This is the home page for Rings & modules, given in the first semester of 2010–11 at Queen Mary, University of London. This module is being rested for the academic year 2011–12, but the information here may be useful.
Background to the course
The notion of a ring is an important one in algebra, since it generalises important examples such as the integers, fields, polynomial rings and matrix rings, and has applications to geometry, number theory and topology. Rings are often understood through modules; these are spaces on which a ring acts, generalising the idea of a vector space.
This module will define some basic notions of ring theory, and then explore some further topics.
Prerequisites
It will be useful to have done an abstract algebra course and to have seen a definition of a ring before, but don't worry too much about this. In fact, the definition of a ring varies according to what you're using it for. What will be really helpful for this course is to know basic linear algebra, since vector spaces will be used as an important example throughout the course. So you should make sure that you're really comfortable with bases, dimension and linear maps.
Syllabus
This course is designed to give an overview of rings and modules. The definition of a ring will not be assumed, but familiarity with the basic definitions will be helpful. What is essential is a thorough grounding in linear algebra.
Topics
- Definitions of rings, modules, homomorphisms. The Isomorphism Theorems.
- Inverses and division rings. Wedderburn's theorem on finite division rings.
- Direct sums of rings and modules; central idempotents.
- Semisimple modules. The Artin-Wedderburn Theorem on semisimple rings.
- Chain conditions, Artinian and Noetherian rings and modules. Composition series.
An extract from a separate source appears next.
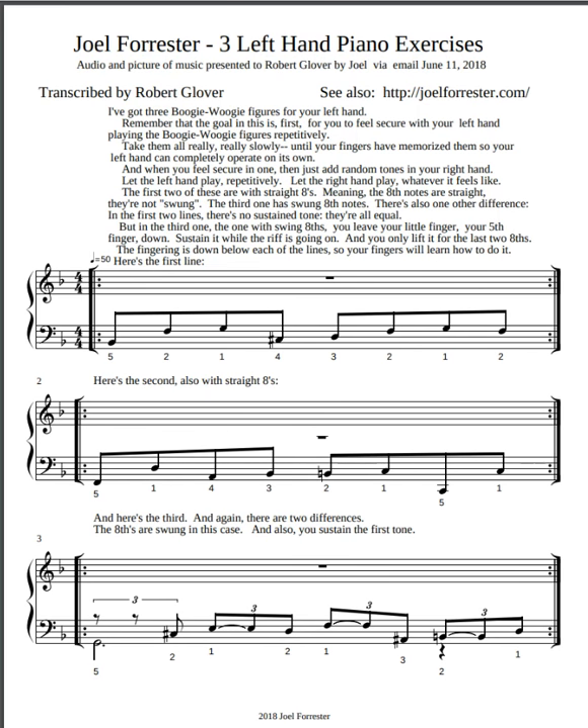Hi Robert. I've got three boogie woogie figures for your left hand. Remember that the goal is first for you to feel secure with your left hand playing the boogie woogie figures repetitively. Take them all really, really slowly until your fingers have basically memorized them, so your left hand can completely operate on its own.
- The Jacobson radical and Artinian rings. Hopkins's Theorem.
Learning outcomes
By the end of the course, a student should be able to:
- define rings, modules, ideals amnd homomorphisms, and prove the Isomorphism Theorems;
- explain inverses and division rings, and prove Wedderburn's theorem on finite division rings;
- define direct sums and coproducts of modules and direct sums of rings, and explain the relationship between direct sums and central idempotents;
- define and give essential properties of semisimple rings and modules, and prove the Artin-Wedderburn Theorem;
- define and give basic properties of artinian and noetherian modules, and prove the Jordan-Hölder Theorem;
- define and give basic properties of the Jacobson radical, and prove Hopkins's Theorem.
The exam
Rubric
The exam rubric for this module in recent years has been: you may attempt as many questions as you wish, and except for the award of a bare pass, only the best four attempts count.
Some past questions
A couple of comments on these past papers:
- The syllabus changed between 2009 and 2010, so only the 2010 and 2011 papers reflect the current syllabus. Some of the questions on the other papers are useful revision, and it should be clear which questions are inappropriate.
- In 2007 and 2008 there was a different lecturer, so the style (and perhaps the difficulty) of the exam is rather different. So for revision purposes the 2005 and 2006 papers might be more appropriate.